Dans les revendications, on entend un personnel qui n’en peut plus face à l’augmentation de la charge de travail, de la cadence et d’une demande de plus de flexibilité ou encore de polyvalence.

Les normes d’encadrement pas revues en 40 ans

Dans son rapport 2019 sur la performance du système de santé belge, le KCE, le centre d’expertise des soins de santé, explique, en citant une étude européenne, que le nombre de patients par infirmier et par jour est en moyenne de 10,7 en Belgique contre une moyenne de 9 dans les autres pays européens étudiés. Tout cela dans un contexte où les durées de séjour ont été diminuées pour certaines pathologies (exemple : 3 jours actuellement dans le cas d’une naissance).

Cela implique un plus grand "turnover" des patients.
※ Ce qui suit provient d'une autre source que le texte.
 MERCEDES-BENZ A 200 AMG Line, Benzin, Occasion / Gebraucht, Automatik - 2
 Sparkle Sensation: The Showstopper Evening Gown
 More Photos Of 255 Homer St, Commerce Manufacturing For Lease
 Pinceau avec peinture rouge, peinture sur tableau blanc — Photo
Des patients aigus qui demandent une plus grande attention du personnel soignant. Renaud Mazy, directeur des cliniques universitaires Saint-Luc était sur nos antennes la semaine dernière : "C’est quelque chose qui est parfois difficilement compréhensible par les autorités. La durée moyenne de séjour diminue, mais ça veut dire que l’infirmière va voir dans le même lit plus de patients. Et l’épisode où le patient reste dans son lit est un épisode beaucoup plus aigu. Ce n’est plus les 2 ou 3 jours de la fin du séjour où le patient allait plus ou moins bien et qu’il avait besoin d’un petit soin de temps en temps. Donc, la charge de travail est plus importante pour l’infirmière et les médecins".
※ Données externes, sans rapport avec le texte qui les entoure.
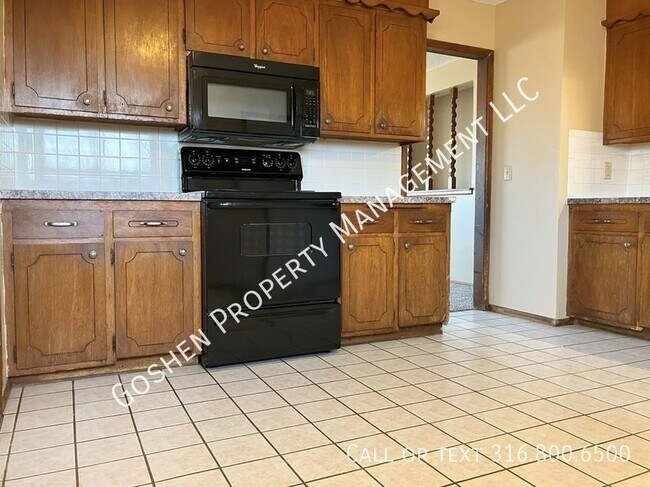 Building Photo - Comfy and Clean with Large Kitchen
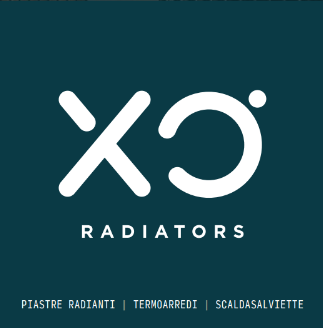Logo per XO Radiators su sfondo verde acqua scuro, con il nome del marchio e le categorie di prodotti italiani in testo bianco.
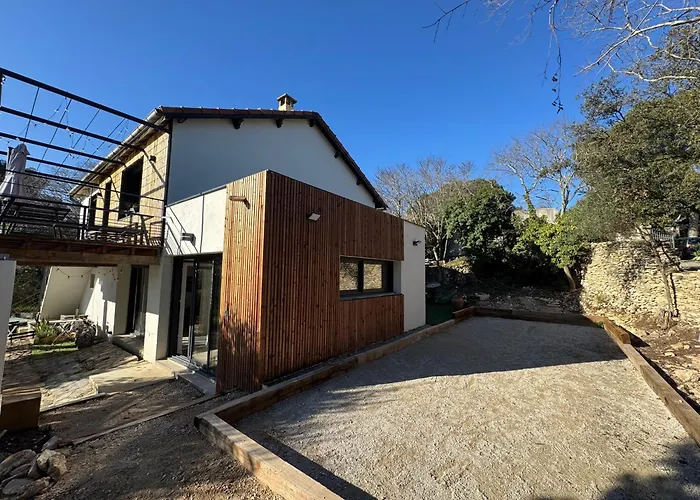 Villa Au Calme Avec Jardin, Piscine Et Terrain Petanque A 5 Min Du Centre Nîmes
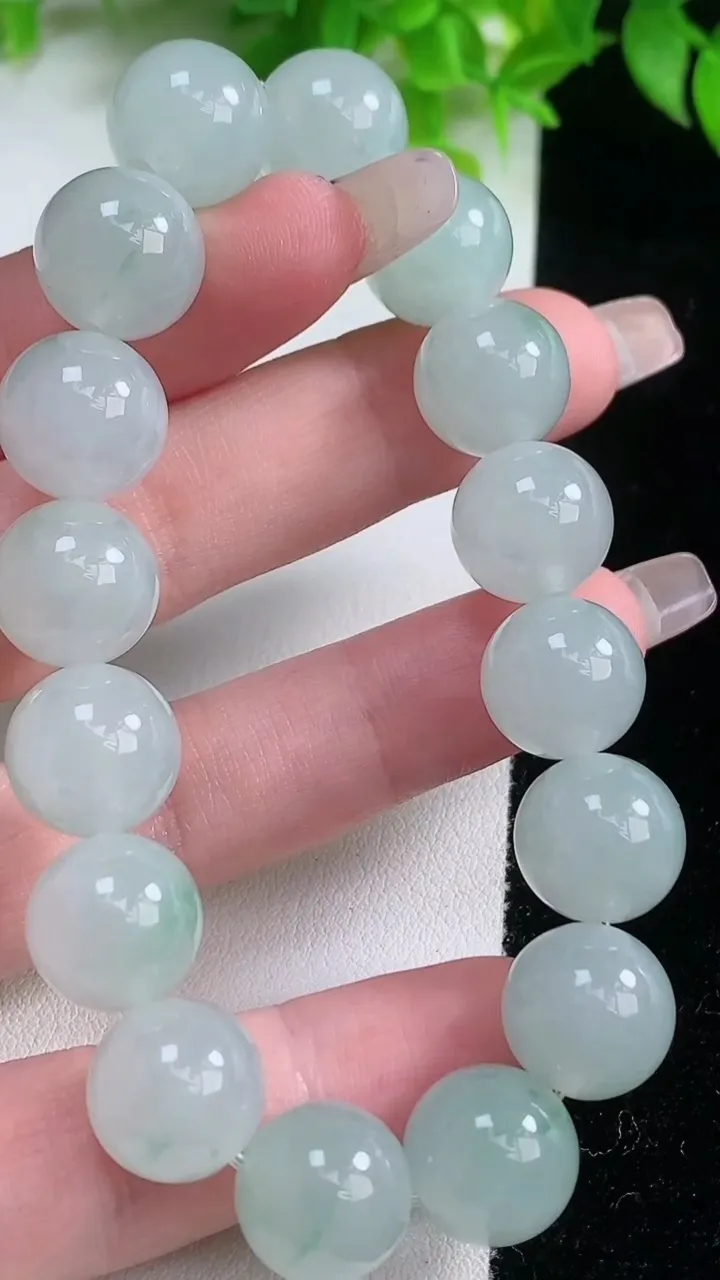 天然A货翡翠种飘花圆珠手串，尺寸12.3-16颗，重量:52.70g1月19日
工厂直销收藏佳品,种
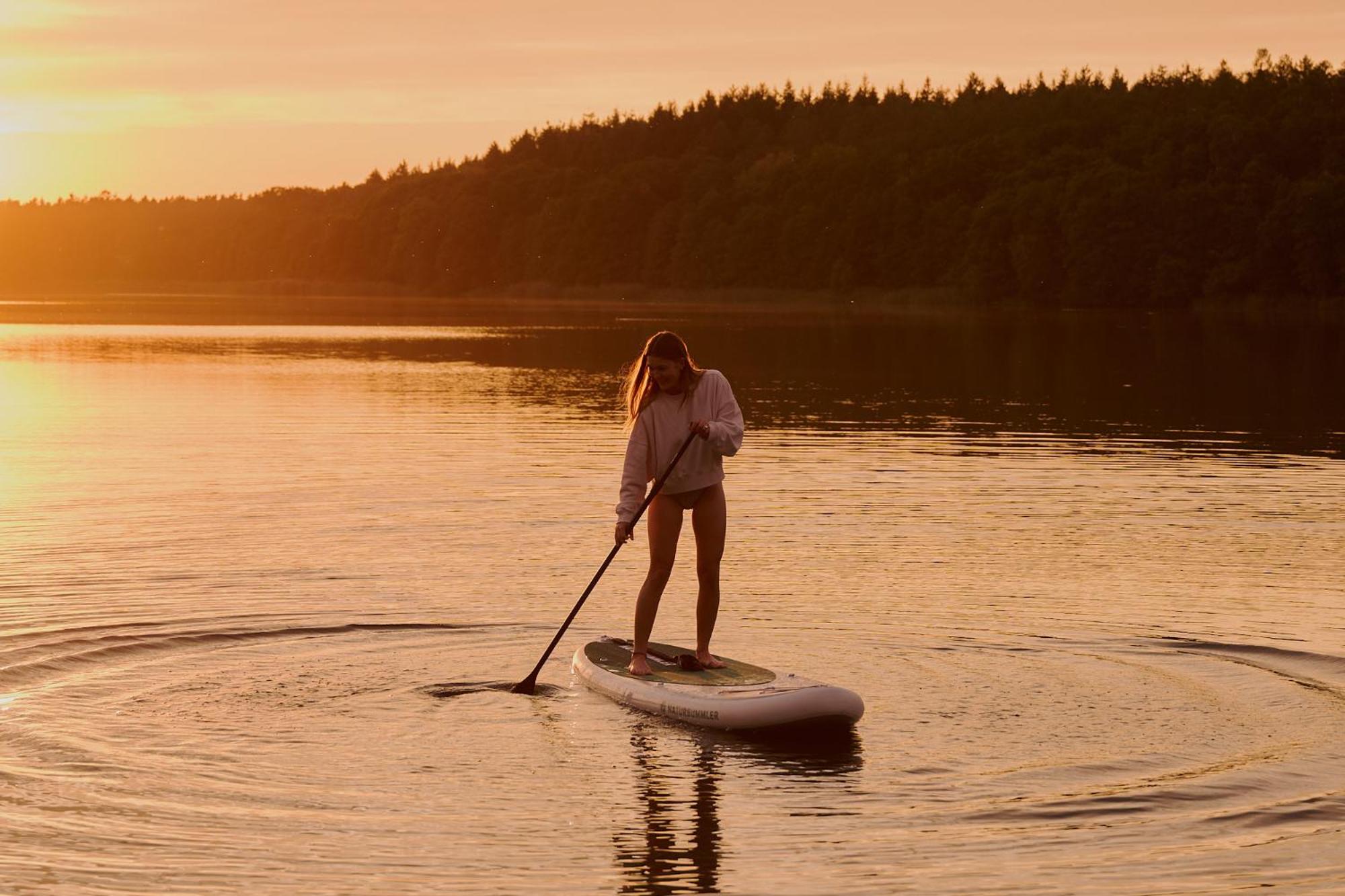 Raus Tiny House am See mit Sauna und Whirlpool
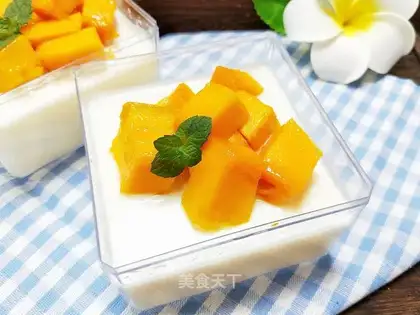 Milk mango pudding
Et le financement des hôpitaux?

Est-ce qu’il y a un problème de financement dans les hôpitaux ? Globalement oui, pour Jean Hermesse, président de la Mutualité chrétienne : "On a vu dans la dernière étude réalisée par Belfius ('Analyse sectorielle des hôpitaux généraux', Etude Maha 2018 : 39 institutions hospitalières sont déficitaires, ce qui représente 40% des hôpitaux dans le rouge en 2017, contre 30 seulement en 2016, ndlr) qu’un nombre plus important d’hôpitaux est en déficit […] Ajoutons à cela, que le système de financement des hôpitaux pousse à la production d’actes, pousse à la croissance et donc à un rythme élevé de prestations. C’est sûr qu’un autre type de financement pourrait conduire à un autre type de médecine, moins stressante".

Etienne Wéry, l’administrateur général du réseau IRIS qui comprend notamment les CHU Saint-Pierre, CHU Brugmann, l’Institut Bordet ou encore l’hôpital universitaire des Enfants Reine Fabiola, a lui aussi abordé la question du financement des hôpitaux la semaine dernière sur nos antennes : "Nous sommes dans une course à la surproduction d’activités, parce que le financement hospitalier, parce que les règles budgétaires, parce que le fonctionnement général des soins de santé et du secteur hospitalier, nous pousse dans ce sens. Aujourd’hui, chaque séjour hospitalier doit être le plus court possible, chaque personne qui vient dans nos services doit être vue le plus rapidement possible. On a entendu de nombreux témoignages de situations qui deviennent vraiment pénibles pour les travailleurs, et avec une grande difficulté de la part de la direction d’y répondre dans l’état du financement du secteur hospitalier en Belgique". Et Etienne Wéry de conclure qu’il ne met pas tout sur les économies réalisées par le fédéral. Des problèmes de fonctionnement existent aussi en interne, un dialogue est ouvert avec les syndicats pour tenter d’y remédier avec un plan d’action, a-t-il précisé.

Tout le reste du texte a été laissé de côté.